Under the Radar: Dawson's Contract Situation

Say hello to the next contract challenge for the Browns new front office. Steve King talked to Phil Dawson about what's next for the dependable kicker.

Phil Dawson and Joshua Cribbs already have a lot in common.

Both are outstanding special teamers. Just as Cribbs owns all of the team's records and is probably the best returner in the NFL, Dawson is near the top of the league as well and owns, or is about to own, all of the Browns kicking records. Indeed, if Cribbs is the No. 1 player overall on the team, then Dawson is 1A.

Both are throwback players, too. Cribbs is the ultimate team guy who is willing to man just about any position on the field. He already has played a lot of those positions, in fact.

Dawson is the last remaining player left not just on the Browns, but in the NFL overall, from their 1999 expansion club. Talk about perseverance and being a survivor. But that's not where it ends. Long before the 2009 season began, Cribbs wanted his contract re-done. Now, at the end of the year, he is becoming much more adamant about it and may sit out further play until something is done, a threat he made back in training camp when he talked about foregoing the start of the 2009 regular season.

Dawson also went into the 2009 season wanting his contract reworked, thinking, like Cribbs, that his accomplishments had far outdistanced what he was being paid. He didn't sit out any of the season, but in protest, he did skip all of the so-called voluntary workouts. He may now be ready to join Cribbs on the list of dissatisfied players who, because they feel unappreciated, are willing to take it to the next, more decisive step.

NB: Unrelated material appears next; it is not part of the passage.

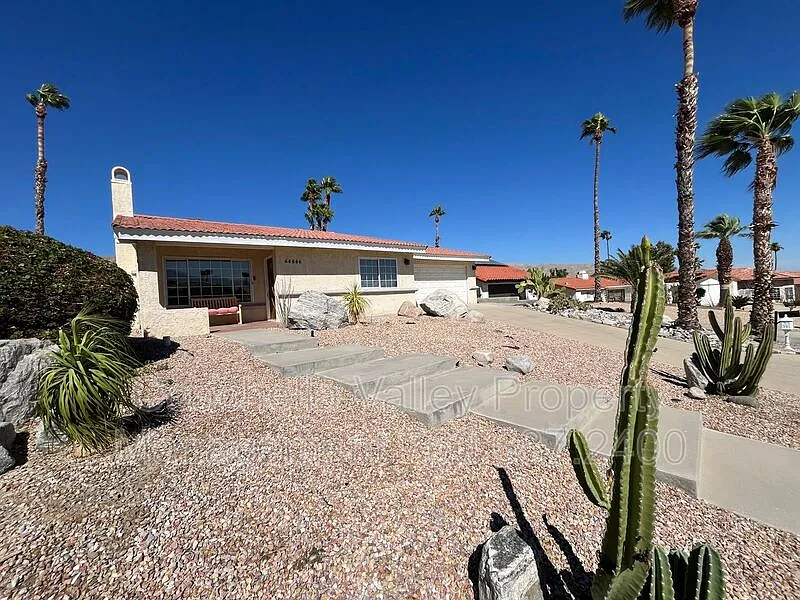2 bed, 2.0 bath, 1790 sqft, $2,695 — Photo 4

In fact, it could be – could be -- that he's just done with football, period. He seems that upset, that disillusioned. Probably on purpose because he didn't want to be asked about his situation, Dawson was not around during the media availability period as players cleaned out their lockers a day after the season-ending 23-17 victory over the Jacksonville Jaguars. And though Dawson refused to discuss the situation as the season wore down, it was apparent he was upset with the fact there still has not been anything done with his contract, which was signed July 15, 2005 and extends through the 2010 season.

Despite missing five games in the first half of this season with a right (kicking leg) hamstring injury, and with his opportunities reduced drastically with an offense that was horrific for the first three-fourths of the year, Dawson still turned in a fine performance. He missed only two field-goal attempts all year, hitting 17-of-19 for a team-leading – by a wide margin – 69 points. He made his final six tries, including three against the Jaguars, and 11 of his last 12.

At 229-of-275 (83.3 percent), Dawson is tops for the Browns and No. 8 on the NFL's career accuracy list. Having passed Don Cockroft (216) earlier this year, he is in second place on the club's all-time field goals list and trails the leader, Pro Football Hall of Famer Lou Groza (234), by just five. With 966 points, he is still behind Cockroft (1,080) and is in third place on the Browns career scoring list.

Pretty impressive for someone who kicks on the shores of Lake Erie, where cold, snow and gusty, tricky winds – all enemies of any kicker -- are par for the course. Barring an injury like the one he suffered this year, it would still take Dawson a little over 3½ seasons at his current scoring rate to catch Groza (1,349).

But will Dawson be around long enough to do it? Do the Browns want him around long enough to do it? That remains to be seen. With the arrival of Mike Holmgren as team president, Dawson would be working under his fifth administrative regime. He doesn't seem sure he wants to continue.

He's tired of all the losing, and he's seen a lot of it – nine seasons out of 11 with a sub-.500 mark – since the new Browns took the field in 1999. He also seems disturbed about the laissez-faire attitude some of his teammates have had toward the losing in recent years. He has said any number of times that he would gladly trade all of his personal accomplishments for consistent trips to the playoffs.

The new Browns have made the postseason just one time, 2002, but lost in the first round. Still, Dawson thought the Browns were on their way then, but head coach Butch Davis, citing salary cap concerns, broke the team apart in the offseason and four straight losing records ensued. The Browns rebounded to go 10-6 in 2007 and narrowly missed earning a playoff berth. Again, Dawson had hope, but that hope was dashed when the club plummeted to 4-12 in 2008 and then 5-11 this year after a franchise-worst 1-11 start.

The fact he got hurt this season didn't help matters, either.

When it was mentioned to him several weeks ago that despite missing time to the injury, he was still having a good year, he shook his head in disagreement and said, "I got hurt. You never want to be out with an injury. That takes away from things.

"Like I've done each season, I'll wait until it's over to look back and see what I've done."

Dawson, however, may be looking at a lot more this year -- looking ahead even more so than behind to see if he wants to have any future at all in the NFL, whether it be with the Browns or anyone else. And if he does want to keep playing, then he has to consider if what he's being paid is worth it. Phil Dawson will have a busy offseason, as will be the case with the rebuilding – still, again -- Browns, and with his special teams buddy, Joshua Cribbs.